Render Thread Advice

I’m having a really hard time with our render thread. The GPU and main thread are easily able to give us a lower frame time but the render thread is consistently lagging behind. In insights, a lot of the concepts are more abstract and it’s more difficult to cleanly understand what needs to be optimized. I was hoping someone could review our stat profile and give some better insight as to what kind of things are taking a lot of time on our renderthread. From what I can see there’s a lot of task waiting. I have no idea what task is being waited on because there are a lot of tasks that vary from occlusion culling to hism gather dynamic elements. Our draw calls don’t seem unreasonable, a lot of the world is instanced. We aren’t using nanite or VSMs so everything here is just traditional lods and shadow maps.

On our previous title we shipped on 4.27 I was definitely able to get better render thread performance out of similar scene complexity so I’m hoping either I there’s been a regression here or I’m missing something.

[Image Removed]

Thanks,

Brenden

Hello,

Thank you for reaching out.

I’ve been assigned this issue, and we will be looking into your Render Thread performance for you.

Hello,

The Render Thread workload is spread across multiple worker threads. The parallelization of the workload has been significantly improved with UE 5.5 and UE 5.6.

Based on the occlusion cull waits in the trace, can you please let us know what the GPU frame time here was? Occlusion visibility needs to wait on results from the previous frame which usually leads to inflated view visibility times on the frame that waits.
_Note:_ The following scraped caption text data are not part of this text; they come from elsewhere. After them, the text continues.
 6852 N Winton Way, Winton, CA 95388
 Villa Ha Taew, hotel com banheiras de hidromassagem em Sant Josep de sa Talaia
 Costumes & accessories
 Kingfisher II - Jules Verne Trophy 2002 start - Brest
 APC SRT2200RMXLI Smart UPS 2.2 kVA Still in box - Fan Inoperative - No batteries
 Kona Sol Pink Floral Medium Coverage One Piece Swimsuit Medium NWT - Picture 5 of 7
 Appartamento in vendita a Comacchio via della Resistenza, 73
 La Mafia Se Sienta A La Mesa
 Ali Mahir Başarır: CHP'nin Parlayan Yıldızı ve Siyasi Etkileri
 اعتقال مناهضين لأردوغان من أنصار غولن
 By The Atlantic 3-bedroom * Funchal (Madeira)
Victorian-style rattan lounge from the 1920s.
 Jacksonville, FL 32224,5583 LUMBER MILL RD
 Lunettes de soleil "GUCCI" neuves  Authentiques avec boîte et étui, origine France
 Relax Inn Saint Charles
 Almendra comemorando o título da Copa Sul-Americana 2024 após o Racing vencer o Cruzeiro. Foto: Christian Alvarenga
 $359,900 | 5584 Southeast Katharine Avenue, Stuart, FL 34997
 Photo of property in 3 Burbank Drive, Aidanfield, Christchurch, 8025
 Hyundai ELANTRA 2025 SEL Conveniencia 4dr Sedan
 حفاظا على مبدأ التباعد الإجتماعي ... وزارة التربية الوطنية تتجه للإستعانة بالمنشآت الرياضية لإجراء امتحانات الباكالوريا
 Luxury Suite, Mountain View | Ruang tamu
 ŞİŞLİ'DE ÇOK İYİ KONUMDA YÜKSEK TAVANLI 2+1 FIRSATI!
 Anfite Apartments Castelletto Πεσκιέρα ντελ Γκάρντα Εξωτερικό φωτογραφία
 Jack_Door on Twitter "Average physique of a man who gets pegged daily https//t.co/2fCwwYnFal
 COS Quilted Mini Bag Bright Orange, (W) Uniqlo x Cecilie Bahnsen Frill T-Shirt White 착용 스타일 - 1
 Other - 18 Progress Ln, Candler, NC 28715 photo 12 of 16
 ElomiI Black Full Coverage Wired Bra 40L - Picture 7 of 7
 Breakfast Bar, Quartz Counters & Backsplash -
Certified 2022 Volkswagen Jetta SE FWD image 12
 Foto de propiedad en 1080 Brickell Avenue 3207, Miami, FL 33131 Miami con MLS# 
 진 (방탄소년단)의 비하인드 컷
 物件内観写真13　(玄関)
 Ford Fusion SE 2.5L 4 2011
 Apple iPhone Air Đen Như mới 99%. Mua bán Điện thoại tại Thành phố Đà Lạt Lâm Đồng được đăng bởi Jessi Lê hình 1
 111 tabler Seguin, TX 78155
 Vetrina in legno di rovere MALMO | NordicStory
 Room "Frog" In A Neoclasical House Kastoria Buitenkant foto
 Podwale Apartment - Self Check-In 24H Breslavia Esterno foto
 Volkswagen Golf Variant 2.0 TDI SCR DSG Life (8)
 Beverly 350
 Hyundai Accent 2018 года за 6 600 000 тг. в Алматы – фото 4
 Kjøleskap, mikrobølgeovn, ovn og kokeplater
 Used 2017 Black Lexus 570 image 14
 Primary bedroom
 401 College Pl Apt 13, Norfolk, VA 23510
Does you scene composition primarily consist of objects with Static mobility or other mobility types? Draw command caching can help reduce Render Thread times.

For more information, please see this documentation:

https://dev.epicgames.com/documentation/en\-us/unreal\-engine/mesh\-drawing\-pipeline\-in\-unreal\-engine

Please let us know if this helps.

Yes I’m aware improvements were made in 5.5 and 5.6. Perhaps if you look at the trace you could advise on select changes that are worth our time to backport? We have cherry picked quite a few things from 5.5 and 5.6 already, but mostly relating to streaming performance via async creation of physics colliders and navmesh convex rasterization.

I attached the stat profile in my previous sub which contains all the gpu (and occlusion) timings. Were you able to open and look at it? I can tell you that the occlusion timings on the card are extremely minimal and the renderthread is definitely not waiting on the gpu here. It looks like its waiting on foreground tasks.

Almost everything in the scene is static mobility. It seems HISMS always go through the dynamic path though probably because of clustered lods and occlusion tests? I have tried r.MeshDrawCommands.UseCachedCommands 0 and performance is basically identical, so it would seem basically zero draw commands are being cached.

Thanks,

Brenden

Some questions that can help with some context in the trace:

* What streaming system are you using for your world?

* Are you batching your HISMs in some way that results in multiple HISM components for the same mesh?

* Based on the number of GDME calls, have you tried tuning “r.Visibility.DynamicMeshElements.NumMainViewTasks” to better balance the workloads on the threads?

* How many cores does the PC have for the trace you attached? Are you modifying the number of worker threads for the thread graph in anyway?

-world partition

-world partition breaks up hisms by level so theres probably a few hisms per mesh due to multiple levels being loaded around the player

-i have not tried this but i will look into it thanks

-64 core threadripper. i ran this on my 16 core 7950x as well and results were similar.

-world partition

-world partition breaks up hisms by level so theres probably a few hisms per mesh due to multiple levels being loaded around the player

-i have not tried this but i will look into it thanks

-64 core threadripper. i ran this on my 16 core 7950x as well and results were similar.

r.Visibility.DynamicMeshElements.NumMainViewTasks had virtually no effect. It defaults to 4. Setting it to 8 may have dropped things *ever* so slightly but there’s no noticeable change.

One change that did make a difference was if we turned off r.hzbocclusion 0. At first performance got way worse, but when we set “r.AllowSubPrimitiveQueries 0” performance improved to actually be a couple MS better than when HZB was enabled.

We’re still currently renderthread bound though, lower gpu resolution scale makes no difference on framerate and the main thread is still issuing waits.

Given the number of HISM components being considered for render, you might want to consider tuning your World Partition cell sizes for lowering those HISM counts. Based on the trace these mostly look like Instanced Foliage actors.

If not World Partition cell size, consider setting up cull distances on the foliage types and potentially modifying foliage.CullDistanceScale and grass.CullDistanceScale as well.

HISM can schedule sub-primitive queries to do its node-based culling so that is what you are affecting by setting it to 0. However, using the suggestion above can result in lesser queries since the culling efficiency could change.

There are additional culling CVars you can try modifying for your use-case:

  • r.Visibility.OcclusionCull.MaxQueriesPerTask
  • r.Visibility.FrustumCull.UseOctree